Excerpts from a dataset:
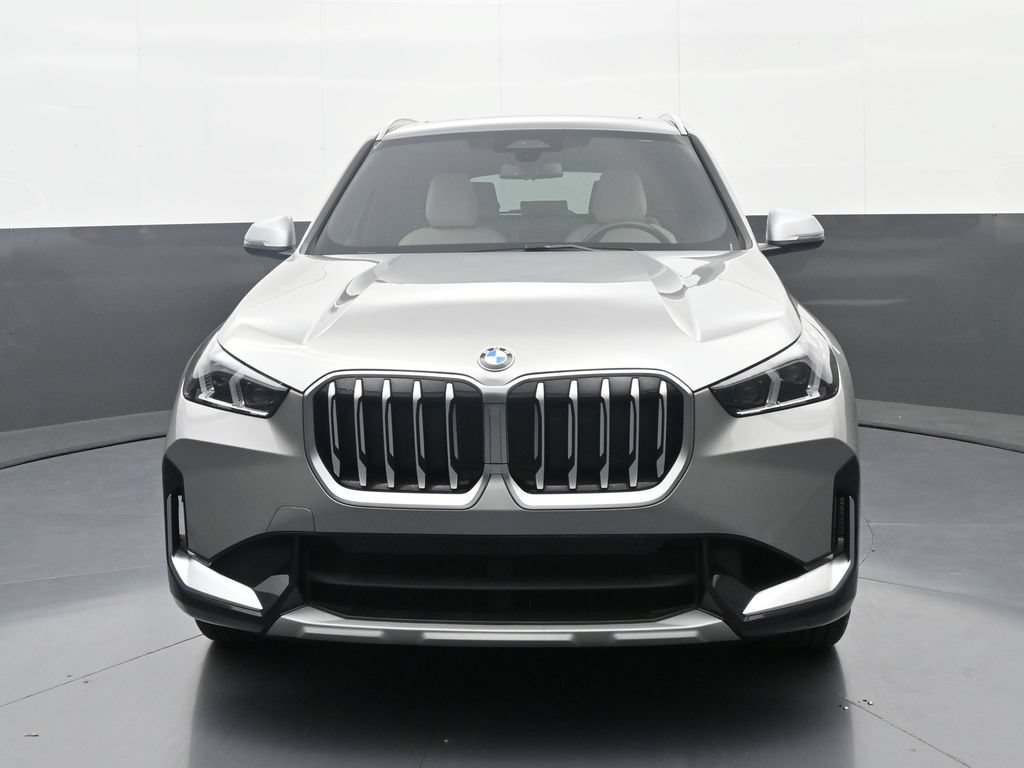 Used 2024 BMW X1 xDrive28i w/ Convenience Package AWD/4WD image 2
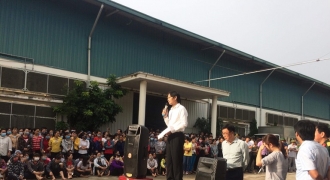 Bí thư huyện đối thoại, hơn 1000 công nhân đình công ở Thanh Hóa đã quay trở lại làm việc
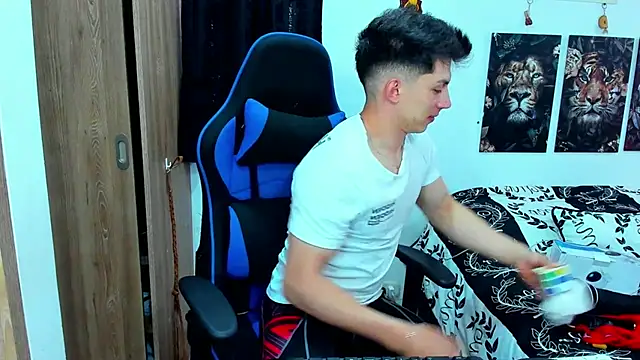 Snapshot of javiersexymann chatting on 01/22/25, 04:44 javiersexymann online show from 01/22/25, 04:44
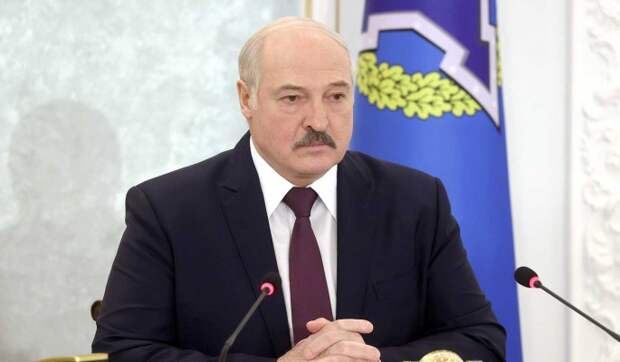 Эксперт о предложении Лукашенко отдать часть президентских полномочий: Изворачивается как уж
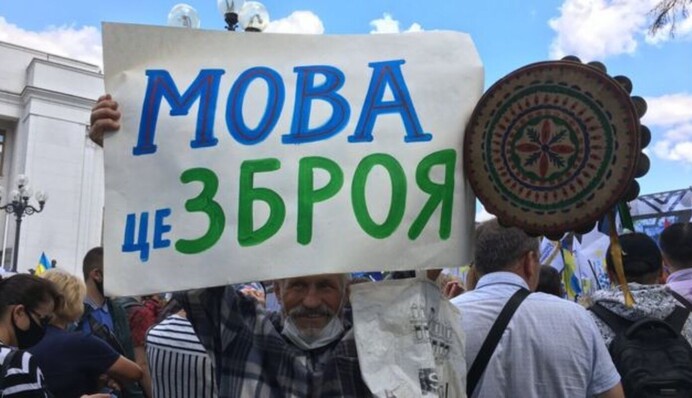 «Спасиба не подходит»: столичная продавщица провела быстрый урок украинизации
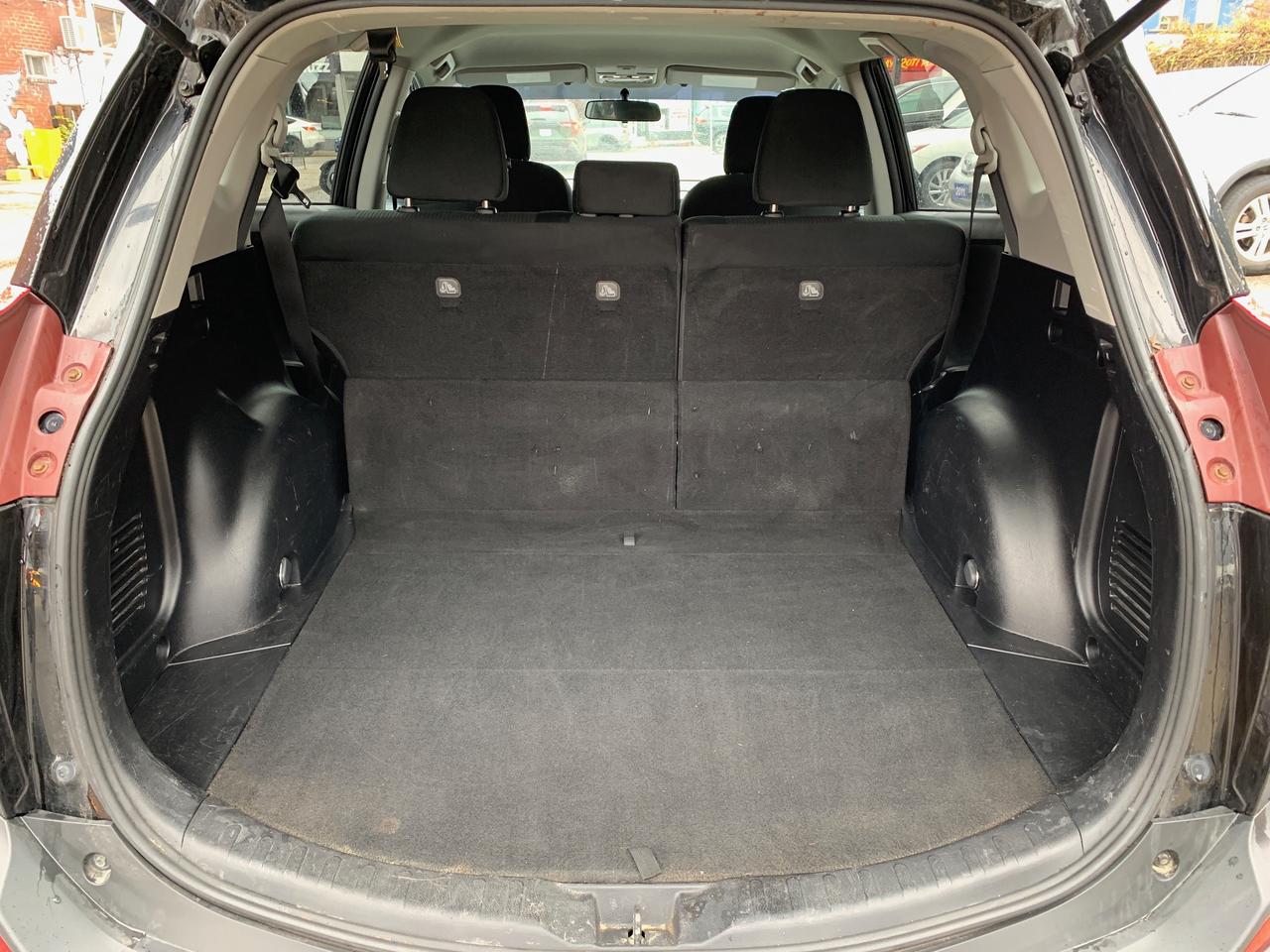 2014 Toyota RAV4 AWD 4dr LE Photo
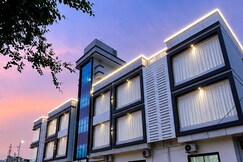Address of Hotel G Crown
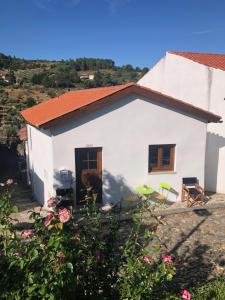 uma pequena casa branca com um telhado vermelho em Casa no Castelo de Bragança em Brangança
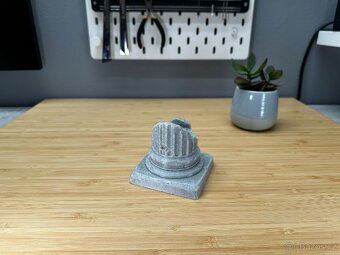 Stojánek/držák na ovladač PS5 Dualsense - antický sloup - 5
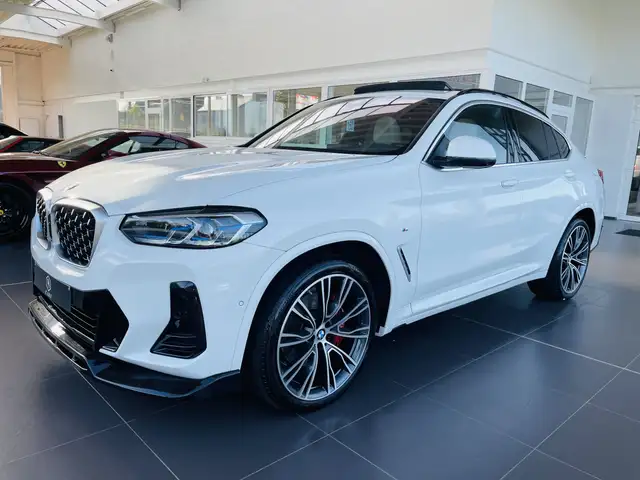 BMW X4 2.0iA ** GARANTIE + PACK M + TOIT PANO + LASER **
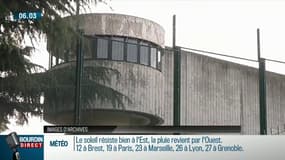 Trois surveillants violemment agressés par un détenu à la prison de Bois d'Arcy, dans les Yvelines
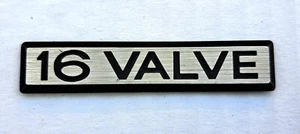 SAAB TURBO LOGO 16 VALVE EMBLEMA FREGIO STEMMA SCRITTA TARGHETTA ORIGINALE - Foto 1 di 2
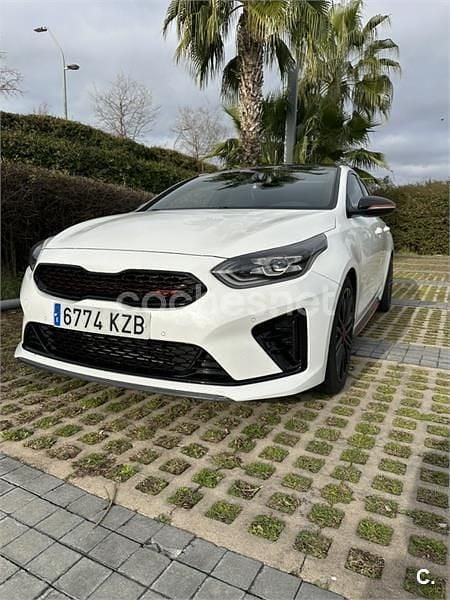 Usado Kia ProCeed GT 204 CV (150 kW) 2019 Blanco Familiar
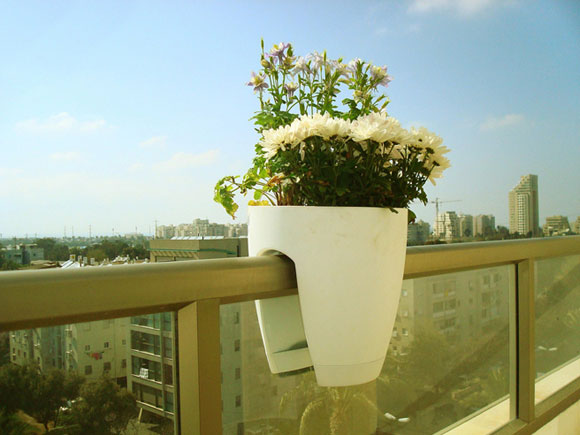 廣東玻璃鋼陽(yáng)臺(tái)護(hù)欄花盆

Task requirements>
Nothing but the records above, retyped exactly and stripped of images, should appear in the answer.

Answer for the task>
 Used 2024 BMW X1 xDrive28i w/ Convenience Package AWD/4WD image 2
 Bí thư huyện đối thoại, hơn 1000 công nhân đình công ở Thanh Hóa đã quay trở lại làm việc
 Snapshot of javiersexymann chatting on 01/22/25, 04:44 javiersexymann online show from 01/22/25, 04:44
 Эксперт о предложении Лукашенко отдать часть президентских полномочий: Изворачивается как уж
 «Спасиба не подходит»: столичная продавщица провела быстрый урок украинизации
 2014 Toyota RAV4 AWD 4dr LE Photo
Address of Hotel G Crown
 uma pequena casa branca com um telhado vermelho em Casa no Castelo de Bragança em Brangança
 Stojánek/držák na ovladač PS5 Dualsense - antický sloup - 5
 BMW X4 2.0iA ** GARANTIE + PACK M + TOIT PANO + LASER **
 Trois surveillants violemment agressés par un détenu à la prison de Bois d'Arcy, dans les Yvelines
 SAAB TURBO LOGO 16 VALVE EMBLEMA FREGIO STEMMA SCRITTA TARGHETTA ORIGINALE - Foto 1 di 2
 Usado Kia ProCeed GT 204 CV (150 kW) 2019 Blanco Familiar
 廣東玻璃鋼陽(yáng)臺(tái)護(hù)欄花盆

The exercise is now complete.